Task to carry out: In the records below, begin at the line containing "تصویر کوچک آگهی" and end at the line containing "Read Princess Nightmare Manga Online"; quote every line in that span exactly, including both boundary lines, and no others.

___ Records for processing ___

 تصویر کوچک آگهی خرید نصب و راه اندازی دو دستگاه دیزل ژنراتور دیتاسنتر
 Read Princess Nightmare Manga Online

___
___ Records for processing ___

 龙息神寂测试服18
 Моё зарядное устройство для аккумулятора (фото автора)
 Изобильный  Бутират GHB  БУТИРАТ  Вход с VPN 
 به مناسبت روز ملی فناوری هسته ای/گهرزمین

___

Reply:
 تصویر کوچک آگهی خرید نصب و راه اندازی دو دستگاه دیزل ژنراتور دیتاسنتر
 Read Princess Nightmare Manga Online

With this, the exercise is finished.